If p and q are positive integers such that p = 4q – 3....

If p and q are positive integers such that p = 4q – 3, what is the greatest common divisor of p and q?
(1) q = 3k, where k is an integer
(2) p = 3m, where m is an integer

1) p = 12k -3,or, p= 3 (4k -1) and q= 3k. The GCM is 3. e.g: for k =1, p=9, q= 3. Again when k =2, p= 21, q=6. Sufficient.
2) p = 4q -3, and p =3m, So, 3m +3 = 4q or, q= 3/4 (m+1), p= 3m .
Lets saay, m = 1, p =3, q= 3/2. GCM is 1. Again m =2, p =6, q =9/4, GCM is 1. When m= 3, p is 9 and q is 3, then GCM is 3. Insufficient.
A is the answer.

If p and q are positive integers such that p = 4q – 3, what is the greatest common divisor of p and q?

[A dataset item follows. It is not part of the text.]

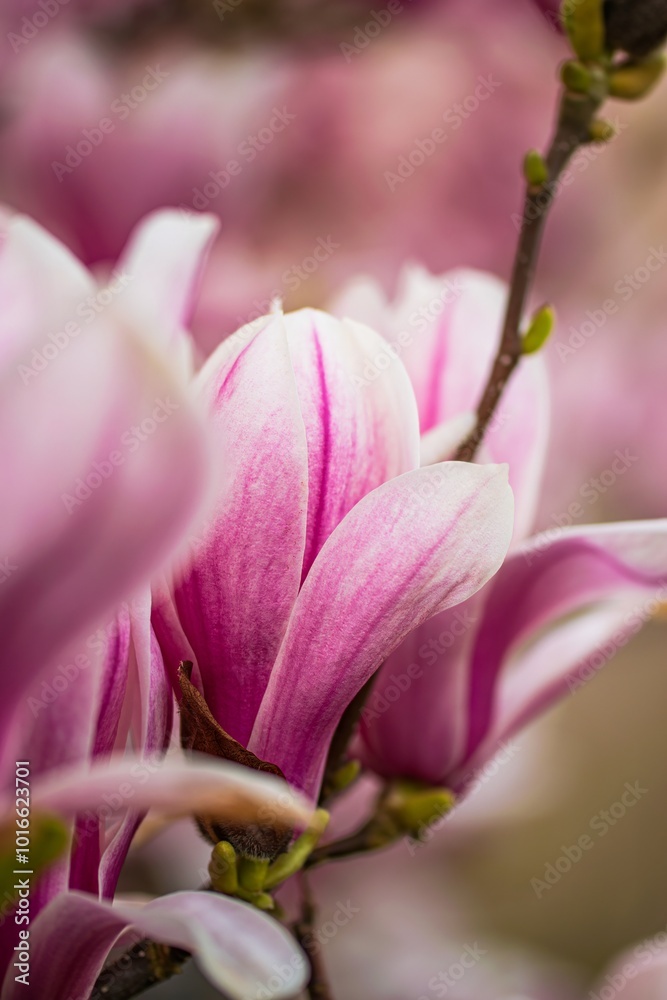 Fototapeta premium beautiful pink magnolia flowers blooming in the garden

(1) q = 3k, where k is an integer
(2) p = 3m, where m is an integer

p = 4q - 3 and p and q are positive integers

What is GCF => lowest power in prime factorization that p and q shares

i) q=3k => p=12k - 3 => p = 3(4k-1)

As we see p and q shares 3^1 in them. Let's analyze (k) and (4k-1)

k = 1, 4k-1 = 3; k=2, 4k-1 = 9; k=3, 4k-1 = 11

(k) and (4k-1) will never share a common factor for any integer k.

Thus GCF will always be 3. - Sufficient

ii) p = 3m => 3m = 4q - 3
4q = 3(m+1)

in this, m has to be odd such that it is a multiple of 4 for q to be an integer.

possible values of m = 3, 7, 11, 15 (a form of 4k-1)... => q=3, 6, 9, 12 (a multiple of 3) ... and p = 9, 21, 33, 45 ....

Again, the GCF between p and q will always be 3 - Sufficient

Answer - D

If p and q are positive integers such that p = 4q – 3, what is the greatest common divisor of p and q?
(1) q = 3k, where k is an integer
(2) p = 3m, where m is an integer

ANS D

STatement 1 :
q = 3k ----> p = 12k-3 ------> p = 3(4k-1) -------- GCD OF k and 4k-1 will be 1 ------> GCD of 3k and 3(4k-1) will be 3x1 SUFF

STATEMENT 2:

p=3m ---- 4q = 3(m+1) If q is +ve integer than m+1 = 4l -------> GCD of (p,q) = GCD(3m , 3 * (4l/4)) = GCD( 3m , 3l ) = 3 GCD ( m , l ) = 3 GCD ( m , (m+1)/4 ) = 3 ..... SUFF

Ans: D

p = 4q – 3
1) q = 3k, where k is an integer
p=4.3k-3=3(4k-1)
gcd(p,q)=gcd(3(4k-1),3k)=3(I have also checked with putting values for k=1,2,3 etc k not=0,as p,q are +ve int)
so,1 is suff

2) p = 3m, where m is an integer
p = 4q – 3
q=(3(m+1))/4
gcd(p,q)=gcd(3m,(3(m+1))/4)=3(I have also checked with putting values for m=1,2,3 etc m not=0,as p,q are +ve int)

so, 2 is suff

Hey minustark,


Thanks for posting your response.

There's a small mistake in your analysis of the second statement.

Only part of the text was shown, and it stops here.